Problem description: Repeat the records below in their entirety, exactly.

Dataset excerpts:
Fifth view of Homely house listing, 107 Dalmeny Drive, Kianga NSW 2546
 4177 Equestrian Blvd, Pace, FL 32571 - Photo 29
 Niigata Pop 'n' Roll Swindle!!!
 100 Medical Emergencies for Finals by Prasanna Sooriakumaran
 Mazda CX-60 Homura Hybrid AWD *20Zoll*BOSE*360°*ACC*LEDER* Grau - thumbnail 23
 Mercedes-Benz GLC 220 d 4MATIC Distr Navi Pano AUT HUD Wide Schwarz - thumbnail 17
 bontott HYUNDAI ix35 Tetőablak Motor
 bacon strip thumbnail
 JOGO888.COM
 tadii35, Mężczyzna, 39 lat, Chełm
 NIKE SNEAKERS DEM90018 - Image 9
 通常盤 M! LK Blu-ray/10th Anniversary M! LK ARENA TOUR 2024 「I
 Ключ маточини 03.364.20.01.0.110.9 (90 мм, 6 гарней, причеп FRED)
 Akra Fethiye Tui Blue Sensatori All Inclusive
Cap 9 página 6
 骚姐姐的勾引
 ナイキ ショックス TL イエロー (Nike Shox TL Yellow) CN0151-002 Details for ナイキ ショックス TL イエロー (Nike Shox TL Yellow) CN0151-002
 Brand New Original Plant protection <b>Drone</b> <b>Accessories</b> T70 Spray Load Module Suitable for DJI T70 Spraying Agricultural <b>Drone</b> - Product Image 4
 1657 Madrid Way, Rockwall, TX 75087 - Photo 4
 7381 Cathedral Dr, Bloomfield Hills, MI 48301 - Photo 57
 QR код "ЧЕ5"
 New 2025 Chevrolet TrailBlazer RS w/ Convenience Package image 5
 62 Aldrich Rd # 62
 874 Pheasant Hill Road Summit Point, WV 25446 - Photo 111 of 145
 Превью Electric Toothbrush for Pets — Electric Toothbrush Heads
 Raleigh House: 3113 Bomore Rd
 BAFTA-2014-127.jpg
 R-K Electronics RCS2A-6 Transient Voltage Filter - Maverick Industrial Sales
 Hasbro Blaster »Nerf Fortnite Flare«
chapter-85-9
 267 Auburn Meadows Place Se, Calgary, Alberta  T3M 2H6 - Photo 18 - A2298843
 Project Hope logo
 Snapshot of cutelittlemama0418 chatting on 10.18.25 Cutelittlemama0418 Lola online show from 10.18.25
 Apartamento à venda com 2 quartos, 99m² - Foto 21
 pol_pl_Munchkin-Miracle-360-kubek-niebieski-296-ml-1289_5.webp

Written solution:
Fifth view of Homely house listing, 107 Dalmeny Drive, Kianga NSW 2546
 4177 Equestrian Blvd, Pace, FL 32571 - Photo 29
 Niigata Pop 'n' Roll Swindle!!!
 100 Medical Emergencies for Finals by Prasanna Sooriakumaran
 Mazda CX-60 Homura Hybrid AWD *20Zoll*BOSE*360°*ACC*LEDER* Grau - thumbnail 23
 Mercedes-Benz GLC 220 d 4MATIC Distr Navi Pano AUT HUD Wide Schwarz - thumbnail 17
 bontott HYUNDAI ix35 Tetőablak Motor
 bacon strip thumbnail
 JOGO888.COM
 tadii35, Mężczyzna, 39 lat, Chełm
 NIKE SNEAKERS DEM90018 - Image 9
 通常盤 M! LK Blu-ray/10th Anniversary M! LK ARENA TOUR 2024 「I
 Ключ маточини 03.364.20.01.0.110.9 (90 мм, 6 гарней, причеп FRED)
 Akra Fethiye Tui Blue Sensatori All Inclusive
Cap 9 página 6
 骚姐姐的勾引
 ナイキ ショックス TL イエロー (Nike Shox TL Yellow) CN0151-002 Details for ナイキ ショックス TL イエロー (Nike Shox TL Yellow) CN0151-002
 Brand New Original Plant protection <b>Drone</b> <b>Accessories</b> T70 Spray Load Module Suitable for DJI T70 Spraying Agricultural <b>Drone</b> - Product Image 4
 1657 Madrid Way, Rockwall, TX 75087 - Photo 4
 7381 Cathedral Dr, Bloomfield Hills, MI 48301 - Photo 57
 QR код "ЧЕ5"
 New 2025 Chevrolet TrailBlazer RS w/ Convenience Package image 5
 62 Aldrich Rd # 62
 874 Pheasant Hill Road Summit Point, WV 25446 - Photo 111 of 145
 Превью Electric Toothbrush for Pets — Electric Toothbrush Heads
 Raleigh House: 3113 Bomore Rd
 BAFTA-2014-127.jpg
 R-K Electronics RCS2A-6 Transient Voltage Filter - Maverick Industrial Sales
 Hasbro Blaster »Nerf Fortnite Flare«
chapter-85-9
 267 Auburn Meadows Place Se, Calgary, Alberta  T3M 2H6 - Photo 18 - A2298843
 Project Hope logo
 Snapshot of cutelittlemama0418 chatting on 10.18.25 Cutelittlemama0418 Lola online show from 10.18.25
 Apartamento à venda com 2 quartos, 99m² - Foto 21
 pol_pl_Munchkin-Miracle-360-kubek-niebieski-296-ml-1289_5.webp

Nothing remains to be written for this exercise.